As the tenth anniversary of 9/11 was approaching, I perceived that there was a  need for members of this community to personally express their pent-up and as yet unresolved emotions regarding the losses we Americans had suffered on that truly terrible day. So I called a press conference at Southwest Florida International Airport, arranged for an honor guard, invited some people, and extended an invitation to area residents and visitors to paint the names of the more than 3,000 victims of the 9/11 attacks on a 10 by 18 foot canvas that I planned to turn into a commemorative artwork during a ceremony taking place at the Broadway Palm Dinner Theatre on the tenth anniversary of the attacks.

To give as many people as possible a chance to participate in this community-wide, community-based art project, I launched an ambitious 12-week long tour during which I took the canvas to locations throughout Southwest Florida beginning with the Franklin Shops on First during July’s Fort Myers Art Walk and the Red, White and Boom in Cape Coral on the Fourth of July.

After that, my husband, Mike Silberg, and I took the canvas to Naples’ Dennison-Moran Gallery (August 7), Fox 4 Morning Blend (August 12), Iberia Bank in Cape Coral (August 12), Sam Galloway Ford in Fort Myers (August 13), The Shell Factory (August 14), Fort Myers Fire Station No. 6 on Veronica Shoemaker (August 18), Hotel Indigo in the River District (August 20), Lovegrove Gallery & Gardens in Sanibel (August 21), Sip and Send in Cape Coral (August 25 and 26), Bubba’s Roadhouse in Cape Coral and the Broadway Palm Dinner Theatre on September 11th.

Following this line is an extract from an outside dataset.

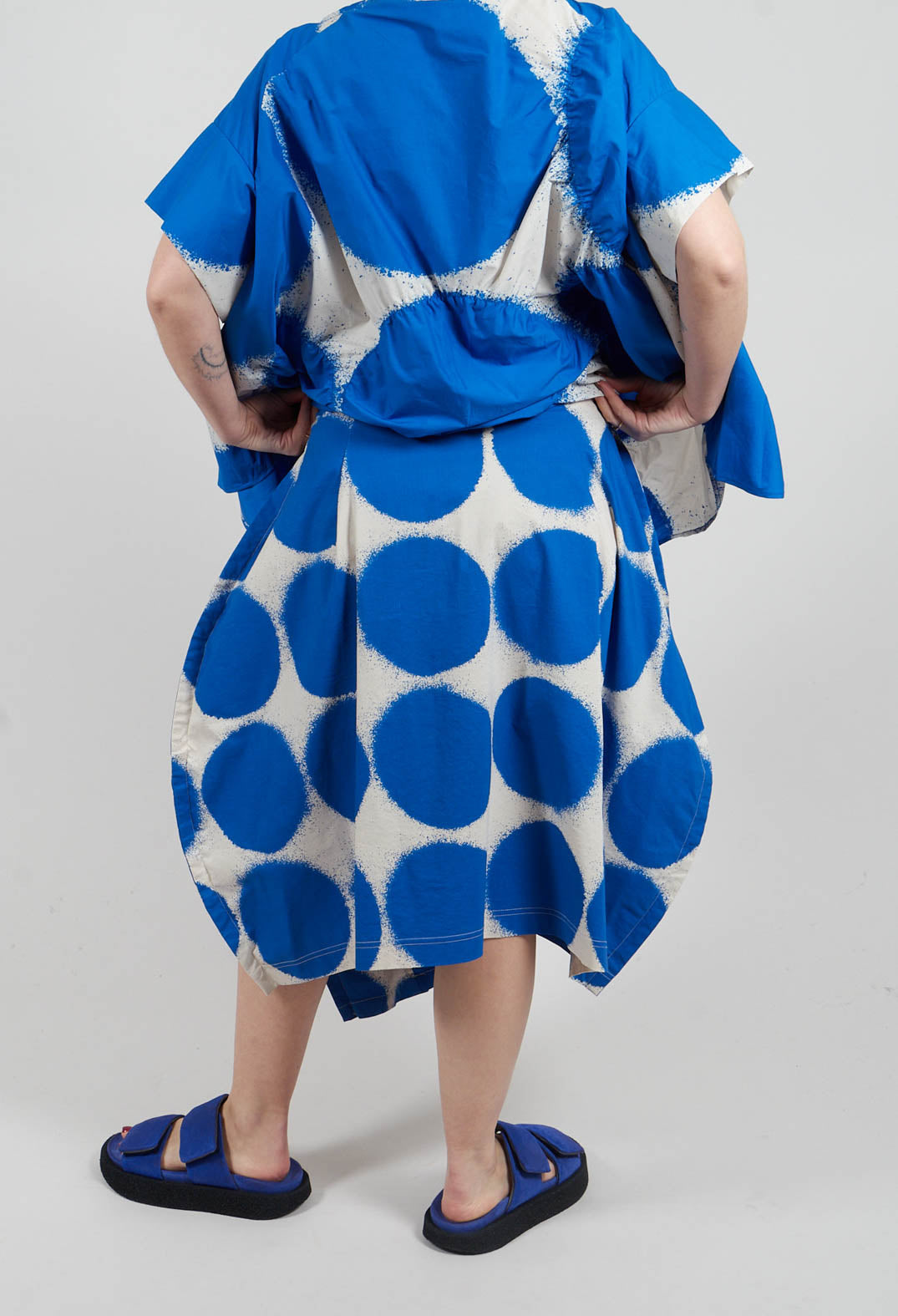 Balloon Skirt Trousers in Electric Print - 1630104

The reception was overwhelming. Many tears were shed. So, so many tears.

A surprisingly large number of those who came to these locations lost a friend or family member in the attacks. Some people came with a list of names of people they’d lost. So the names of some of the victims were been painted twice, but we didn’t care. And those who selected names at random from a glass bowl often forged bonds with the person whose name they chose. They’d go home and Google the person’s name to learn more about him or her.

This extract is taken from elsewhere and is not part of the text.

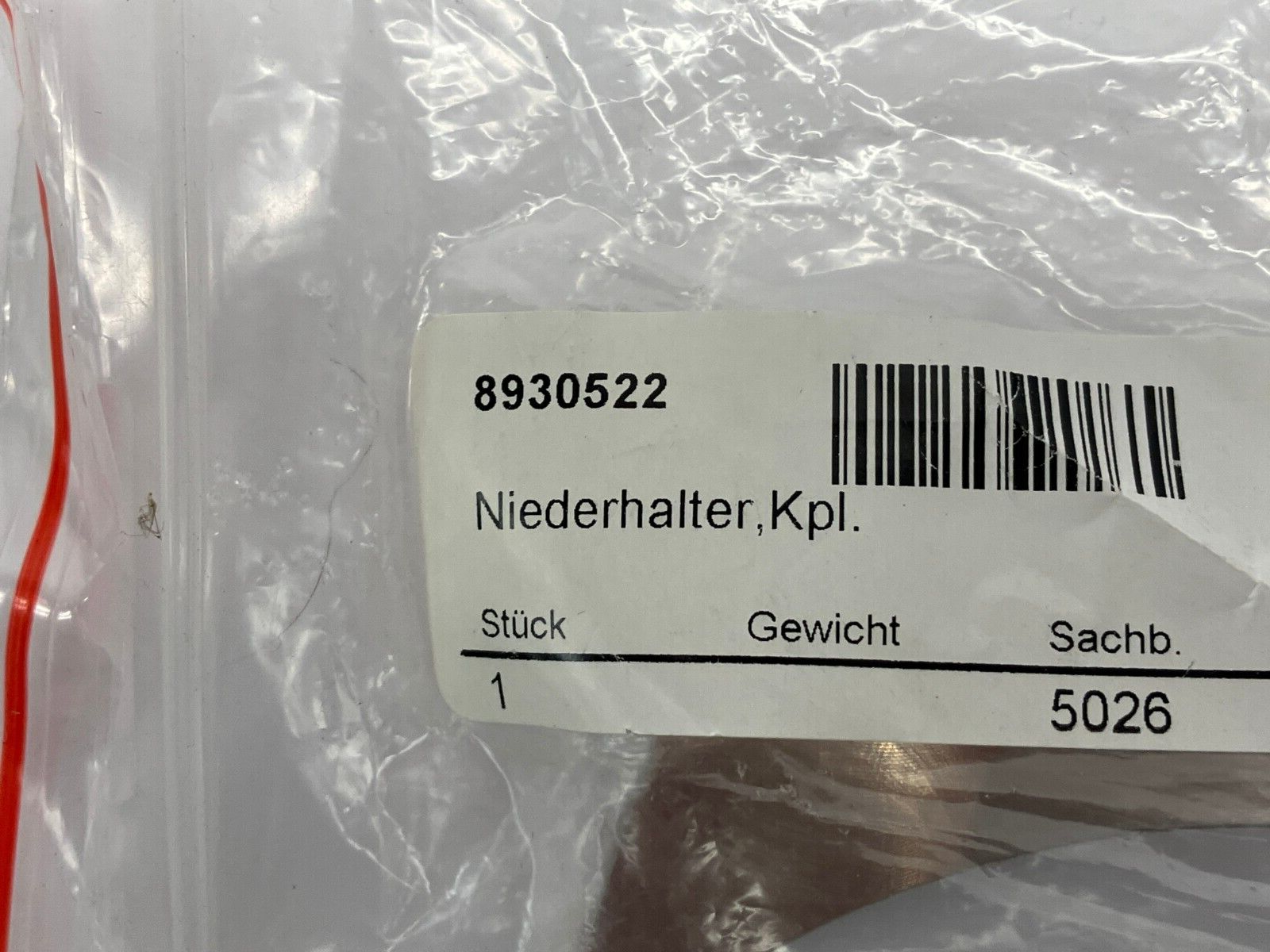 CAB 8930522 Roll Down Holder for Maestro 2/2M - Maverick Industrial Sales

I had planned to use the canvas with all the names as an underpainting for an American Eagle. From the outset, I’d intended to engraft the eagle over the names during a Paint Out Loud performance on September 11 at the Broadway Palm Dinner Theatre, leaving the ghost of the names show through. But over the course of the weeks spent traveling with the canvas and meeting people who lost friends and relatives during the attacks and seeing how people reacted while painting victims’ names on the canvas, well, the names became so sacred that I just couldn’t paint over them. While the 9/11 victims will always be part of the fabric of America, they also deserved a canvas of their own. So I did a separate painting of an American Eagle instead and, voila, one commemorative became two.

The American Eagle I painted live at the Broadway Palm now hangs in the library at Florida Gulf Coast University, where it is part of their permanent portable works collection. It serves as a reminder of the fragility of life and the heroism of all those who took action that day in New York, Pennsylvania and Washington, D.C.

In spite of our too-often polarized politics, all Americans are bound together by love of flag, love of country and love of our fellow country men and women. And so it is my hope and desire that from its perch high above the library floor, Remember 9-11 Tenth Year will inspire students for years to come to dedicate themselves to compassion, community and country.

And the canvas with the victims’ names? I cannot bear to part with it. But I did bring it out and place it on exhibit this past January in my ten-year retrospective at the Sidney & Berne Davis Art Center in the downtown Fort Myers River District.